> _DESCRIPTION OF THE TASK_
Exactly reproduce each of the entries shown below.

> _DATA IN THIS EXERCISE_
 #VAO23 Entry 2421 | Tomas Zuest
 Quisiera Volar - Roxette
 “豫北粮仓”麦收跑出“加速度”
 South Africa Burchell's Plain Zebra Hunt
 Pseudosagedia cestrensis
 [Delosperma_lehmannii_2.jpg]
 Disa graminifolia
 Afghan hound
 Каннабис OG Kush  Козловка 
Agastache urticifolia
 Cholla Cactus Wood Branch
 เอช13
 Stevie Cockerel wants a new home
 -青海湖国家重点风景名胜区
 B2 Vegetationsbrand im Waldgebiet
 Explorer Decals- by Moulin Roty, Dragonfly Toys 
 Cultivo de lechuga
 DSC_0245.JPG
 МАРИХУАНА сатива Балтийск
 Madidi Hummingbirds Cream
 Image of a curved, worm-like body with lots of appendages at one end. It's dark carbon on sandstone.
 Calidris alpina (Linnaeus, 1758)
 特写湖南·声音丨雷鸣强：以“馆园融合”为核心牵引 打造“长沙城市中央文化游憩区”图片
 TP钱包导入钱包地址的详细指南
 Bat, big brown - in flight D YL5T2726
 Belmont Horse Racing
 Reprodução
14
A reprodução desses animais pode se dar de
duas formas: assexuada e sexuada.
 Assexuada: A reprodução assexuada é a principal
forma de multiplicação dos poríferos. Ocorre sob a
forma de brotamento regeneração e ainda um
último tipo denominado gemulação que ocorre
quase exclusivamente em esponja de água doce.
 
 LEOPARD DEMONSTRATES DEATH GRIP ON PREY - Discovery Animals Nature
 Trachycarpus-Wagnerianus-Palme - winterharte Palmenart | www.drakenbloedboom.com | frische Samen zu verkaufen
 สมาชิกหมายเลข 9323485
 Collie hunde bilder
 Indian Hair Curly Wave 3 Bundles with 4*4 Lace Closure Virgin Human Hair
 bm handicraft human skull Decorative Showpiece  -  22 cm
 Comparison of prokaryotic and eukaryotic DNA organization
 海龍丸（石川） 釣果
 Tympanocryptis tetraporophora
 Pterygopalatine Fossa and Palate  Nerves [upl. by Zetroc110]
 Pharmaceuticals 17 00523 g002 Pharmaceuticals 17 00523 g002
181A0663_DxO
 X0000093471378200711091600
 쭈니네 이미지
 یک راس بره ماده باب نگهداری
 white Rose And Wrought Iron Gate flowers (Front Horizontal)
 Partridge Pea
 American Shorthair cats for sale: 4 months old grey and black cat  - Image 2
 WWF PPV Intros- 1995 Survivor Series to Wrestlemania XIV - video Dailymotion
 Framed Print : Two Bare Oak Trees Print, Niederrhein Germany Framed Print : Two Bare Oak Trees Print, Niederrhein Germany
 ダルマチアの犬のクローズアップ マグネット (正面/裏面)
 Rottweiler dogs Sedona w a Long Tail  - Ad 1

> _REPLY TO THE EXERCISE_
 #VAO23 Entry 2421 | Tomas Zuest
 Quisiera Volar - Roxette
 “豫北粮仓”麦收跑出“加速度”
 South Africa Burchell's Plain Zebra Hunt
 Pseudosagedia cestrensis
 [Delosperma_lehmannii_2.jpg]
 Disa graminifolia
 Afghan hound
 Каннабис OG Kush  Козловка 
Agastache urticifolia
 Cholla Cactus Wood Branch
 เอช13
 Stevie Cockerel wants a new home
 -青海湖国家重点风景名胜区
 B2 Vegetationsbrand im Waldgebiet
 Explorer Decals- by Moulin Roty, Dragonfly Toys 
 Cultivo de lechuga
 DSC_0245.JPG
 МАРИХУАНА сатива Балтийск
 Madidi Hummingbirds Cream
 Image of a curved, worm-like body with lots of appendages at one end. It's dark carbon on sandstone.
 Calidris alpina (Linnaeus, 1758)
 特写湖南·声音丨雷鸣强：以“馆园融合”为核心牵引 打造“长沙城市中央文化游憩区”图片
 TP钱包导入钱包地址的详细指南
 Bat, big brown - in flight D YL5T2726
 Belmont Horse Racing
 Reprodução
14
A reprodução desses animais pode se dar de
duas formas: assexuada e sexuada.
 Assexuada: A reprodução assexuada é a principal
forma de multiplicação dos poríferos. Ocorre sob a
forma de brotamento regeneração e ainda um
último tipo denominado gemulação que ocorre
quase exclusivamente em esponja de água doce.
 
 LEOPARD DEMONSTRATES DEATH GRIP ON PREY - Discovery Animals Nature
 Trachycarpus-Wagnerianus-Palme - winterharte Palmenart | www.drakenbloedboom.com | frische Samen zu verkaufen
 สมาชิกหมายเลข 9323485
 Collie hunde bilder
 Indian Hair Curly Wave 3 Bundles with 4*4 Lace Closure Virgin Human Hair
 bm handicraft human skull Decorative Showpiece  -  22 cm
 Comparison of prokaryotic and eukaryotic DNA organization
 海龍丸（石川） 釣果
 Tympanocryptis tetraporophora
 Pterygopalatine Fossa and Palate  Nerves [upl. by Zetroc110]
 Pharmaceuticals 17 00523 g002 Pharmaceuticals 17 00523 g002
181A0663_DxO
 X0000093471378200711091600
 쭈니네 이미지
 یک راس بره ماده باب نگهداری
 white Rose And Wrought Iron Gate flowers (Front Horizontal)
 Partridge Pea
 American Shorthair cats for sale: 4 months old grey and black cat  - Image 2
 WWF PPV Intros- 1995 Survivor Series to Wrestlemania XIV - video Dailymotion
 Framed Print : Two Bare Oak Trees Print, Niederrhein Germany Framed Print : Two Bare Oak Trees Print, Niederrhein Germany
 ダルマチアの犬のクローズアップ マグネット (正面/裏面)
 Rottweiler dogs Sedona w a Long Tail  - Ad 1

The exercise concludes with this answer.